Promotion of human dignity plays out differently in different cultural settings. Comparing Western and Eastern philosophy, the classic: “I think, therefore I am”, could be transposed for Eastern philosophers to: “You are, therefore I am”. An understanding of these differences can be very useful in light of a trans-cultural approach to medical care. To enhance understanding between physicians and patients, we must discuss and promote the idea, not only of simple information and communication, but of true and mature dialogue about our differences. And dialogue is not enough. It is merely a means, a tool towards the goal of ensuring relationships and bonds between us.

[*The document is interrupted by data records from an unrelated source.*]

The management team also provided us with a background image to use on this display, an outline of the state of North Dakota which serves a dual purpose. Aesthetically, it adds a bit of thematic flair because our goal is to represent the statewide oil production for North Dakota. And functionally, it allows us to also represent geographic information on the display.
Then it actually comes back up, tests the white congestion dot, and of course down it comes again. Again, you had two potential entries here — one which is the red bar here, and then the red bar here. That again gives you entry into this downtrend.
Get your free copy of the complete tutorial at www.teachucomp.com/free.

Dignity is a “human common denominator” in the promotion of peace and harmony. It encompasses the usual means of communication of culture (through Art, Science, or Prayer), but avoids the accusation that could have been made against culture of not furthering integration (“…culture does not unite. It identifies, therefore it divides as much as it assembles. The word is ambiguous” says Alain Lamassoure, member of the European parliament).

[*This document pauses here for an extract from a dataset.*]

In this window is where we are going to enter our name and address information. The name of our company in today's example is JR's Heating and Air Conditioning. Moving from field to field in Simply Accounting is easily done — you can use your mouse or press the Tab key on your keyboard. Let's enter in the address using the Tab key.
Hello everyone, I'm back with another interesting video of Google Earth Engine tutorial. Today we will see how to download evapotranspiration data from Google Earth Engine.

In the philosophic understanding of bioethical principles in the practice of medicine, issues are probably more complex even than imagined. Although progress could mistakenly be seen as ever increasing control over life, authentic control is knowing where to stop and think about what ought to be done, and not just what can be done. The beauty of a mature, ethical practice of medicine is that it unites humans while respecting cultural specificities of individuals, by taking reference in our common humanity and through the promotion of dignity.
This textbook attempts to explore many of the issues that confront the modern anesthesiologist, even when those issues cause great uneasiness. They include the variability of autonomy (in vulnerable persons), and respect for autonomy (via consent) in medical practice, along with ideals of communitarianism (in Native American culture). End of life issues include not only concepts of death (e.g. brain death) and turning off bioprosthetic devices, such as pacers and ICDs, but the idea that physicians play a role in understanding and promoting humane legislation to protect dignity at end-of-life. Cultural differences are examined in the management of pain in addicted patients. Critical research issues are discussed, including new and more global concepts concerning the “rights” and interests of animals in research and our obligations to them, as well as the problem of unethical publication practices. Issues of considerable discomfort are scrutinized, such as physician participation in torture, disaster and military triage, and lethal injections of prisoners.

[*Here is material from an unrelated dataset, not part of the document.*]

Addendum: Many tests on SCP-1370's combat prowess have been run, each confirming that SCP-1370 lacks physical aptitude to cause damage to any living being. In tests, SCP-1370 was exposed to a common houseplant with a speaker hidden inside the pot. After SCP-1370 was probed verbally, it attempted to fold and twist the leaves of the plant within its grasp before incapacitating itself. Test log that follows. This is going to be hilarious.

All are presented from the perspective of anesthesia practice in all of its breadth, and by a wide range of experts from Canada, Europe and the United States. Some questions have clear answers that are already incorporated widely into practice. For other questions, the answers are not as evident. For still others, anesthesiologists may not have widely adopted correct moral behaviors, even when there is global consensus about what such behaviors should be. For all, the exploration of moral questions occurring in anesthesia practice involves consideration and balance of the ethical principles of medicine’respect for patient autonomy, beneficence, nonmaleficence and justice’in the promotion of human dignity, for our patients as well as for ourselves.